Study question answers

  1. See Definition 31.1.
  2. A parameter point estimator gives, based on a sample, a guess for the corresponding true, but unknown, parameter.
  3. See Definition 31.2.
  4. See Definition 31.3.
  5. To obtain a maximum likelihood estimator, one first formulates the log-likelihood function and then determines the zeros of its derivative as potential maximum points. In classical examples one usually uses analytic optimization for this; in applications to more complex models, numerical optimization is usually used.
  6. See Theorem 31.1.
  7. See Theorem 31.2.
  8. See Definition 31.4.
  9. An estimator is called unbiased if its expectation is identical to the true, but unknown, value it estimates.
  10. See Definition 31.5.
  11. See Definition 31.9.
  12. An estimator is called asymptotically unbiased if, for sample sizes tending to infinity, its expectation is identical to the true, but unknown, value it estimates.
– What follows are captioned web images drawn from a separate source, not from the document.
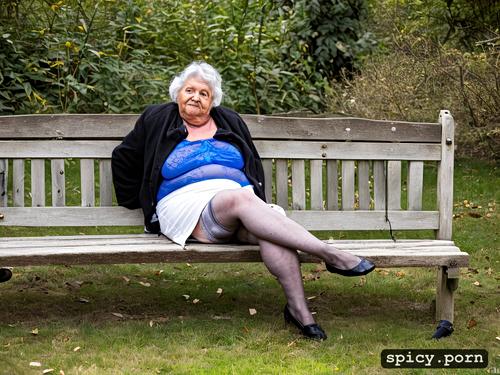 sitting on a bench in the park, completely naked, fat, old grandmother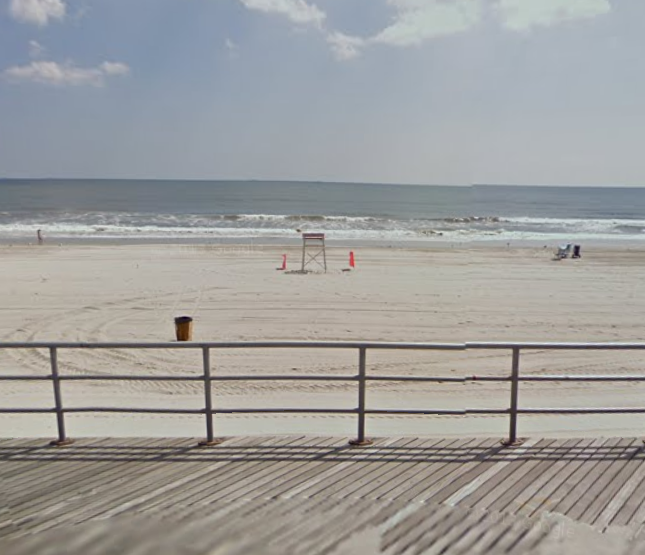 A section of Beach 108th Street in the Rockaways. The red flags denote a restricted area where no lifeguard is on duty.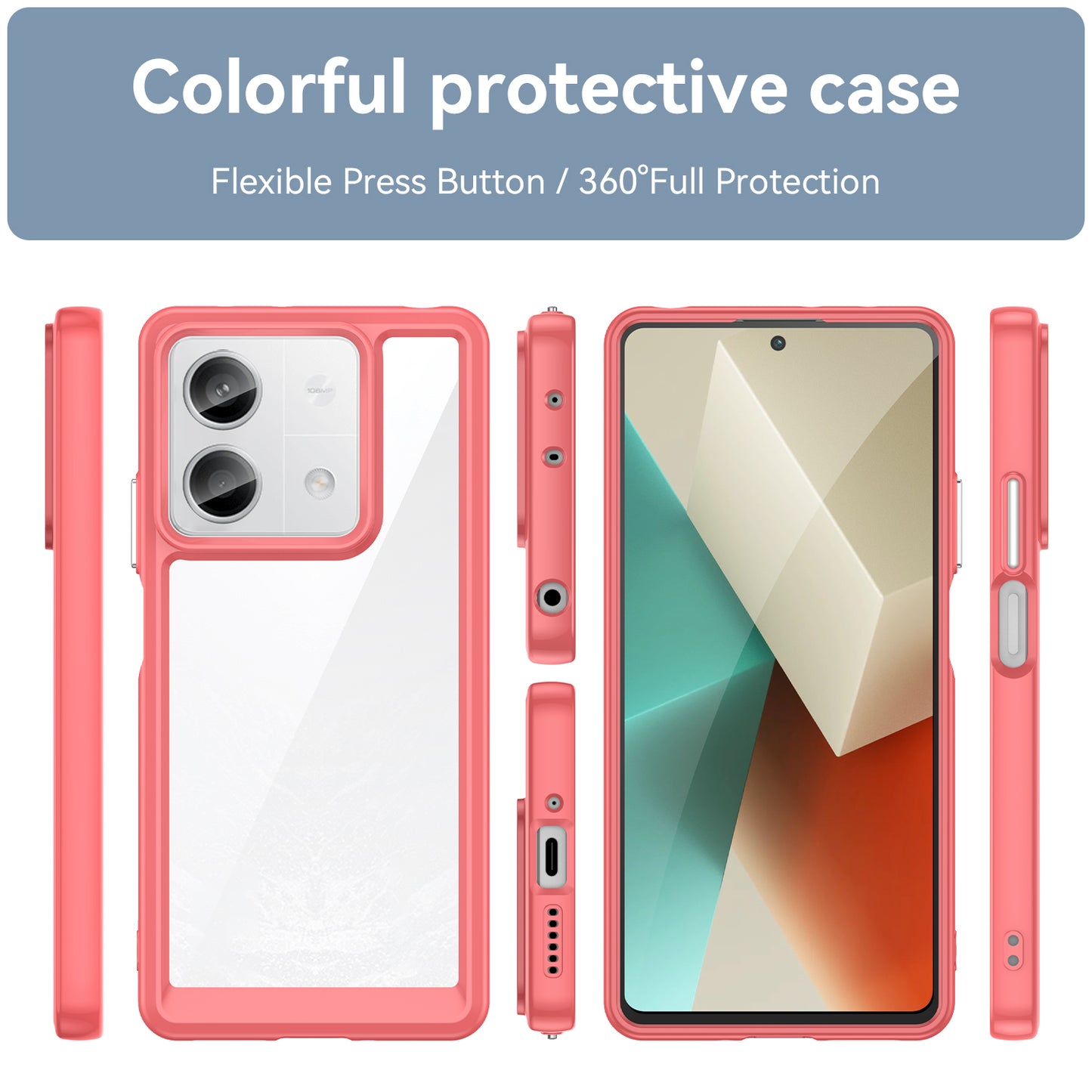 For Xiaomi Redmi Note 13 5G Phone Case Colorful TPU Frame+Acrylic Clear Back - Red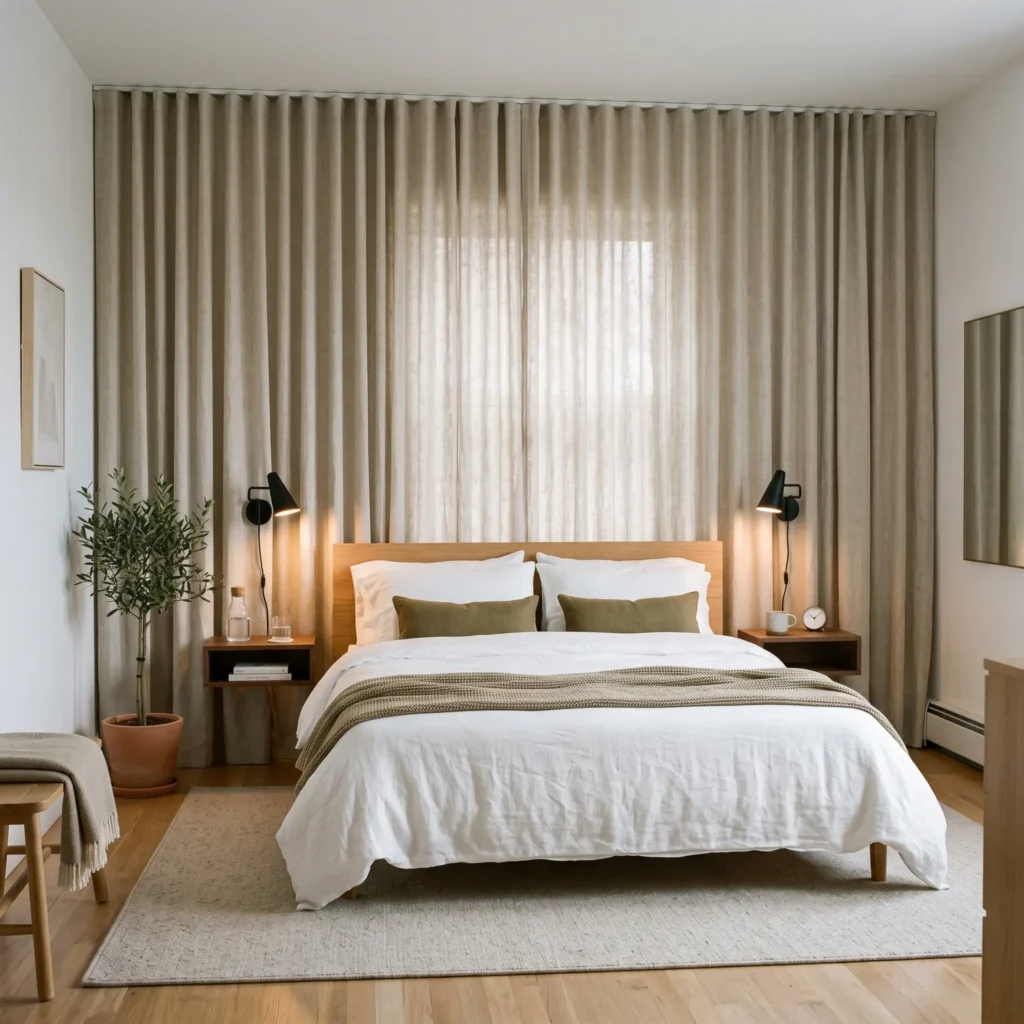 Queen bed centered against a full wall of floor-to-ceiling linen curtains covering an off-center window.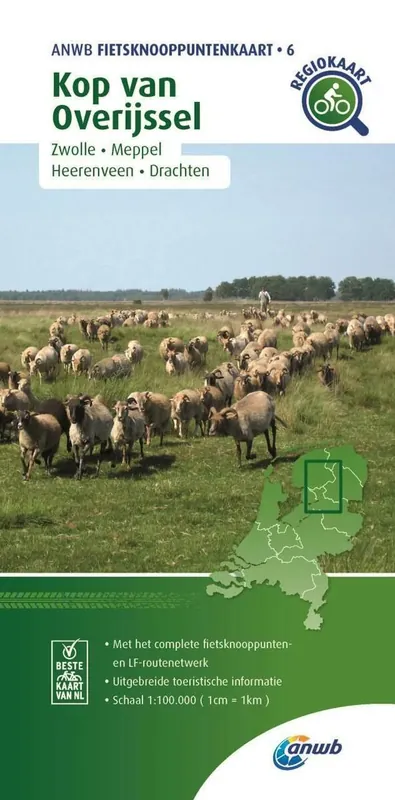 Tijdelijk Beschikbaar ANWB FIETSKNOOPPUNTENKAART 6 KOP VAN OVERIJSSEL (9789018046798)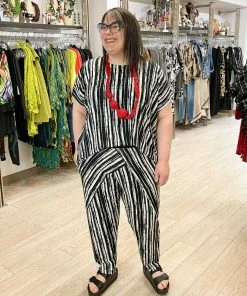 Trine Kryger Simonsen Sandra Boxy Top, Black/White Trine Kryger Simonsen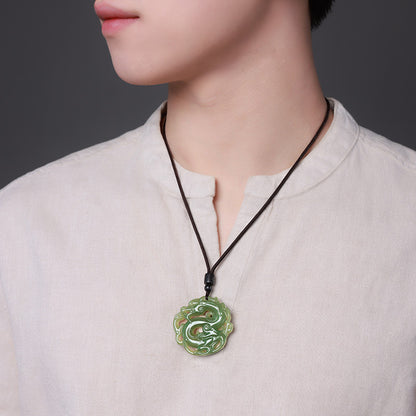 Pale Cyan Hetian Jade Zodiac Dragon Pendant, Unisex Jade Ornament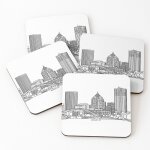 Liège sous - verres en bois rochester, new york skyline 9, 5 cm lot de 4 pour boissons café table b Liège sous - verres en bois rochester, new york skyline 9, 5 cm lot de 4 pour boissons café table b
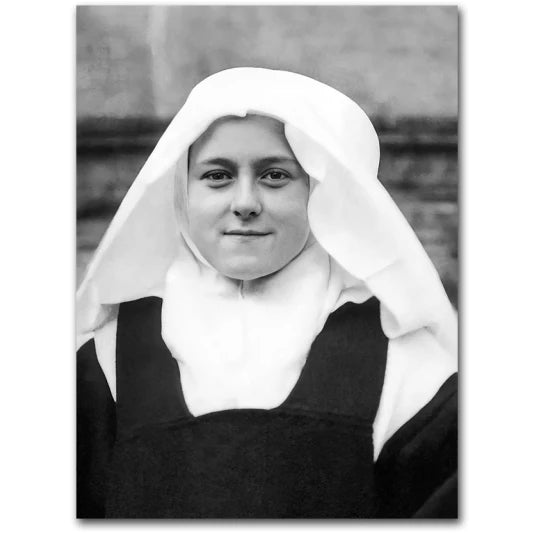 Vintage Smoking Nun Canvas Print - Funny Black and White Wall Art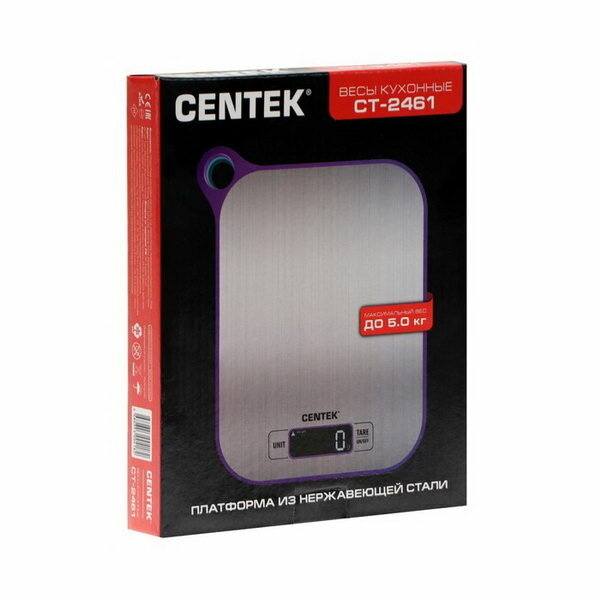 Кухонные весы CENTEK CT-2461, серебристый/фиолетовый - фото №14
  13. See Definition 31.10.
  14. An estimator is called consistent if, for large sample sizes, the probability that the estimator value deviates from the true, but unknown, value becomes arbitrarily small.
  15. See Theorem 31.18, statements (1), (2), and (3).
Aldrich, J. (1997). R.A. Fisher and the making of maximum likelihood 1912-1922. Statistical Science, 12(3), 162–176. https://doi.org/10.1214/ss/1030037906
Fisher, R. A. (1922). On the mathematical foundations of theoretical statistics. Philosophical Transactions of the Royal Society of London. Series A, Containing Papers of a Mathematical or Physical Character, 222(594-604), 309–368. https://doi.org/10.1098/rsta.1922.0009
Held, L., & Sabanés Bové, D. (2014). Applied Statistical Inference. Springer Berlin Heidelberg. https://doi.org/10.1007/978-3-642-37887-4
Vaart, A. W. van der. (1998). Asymptotic statistics. Cambridge University Press.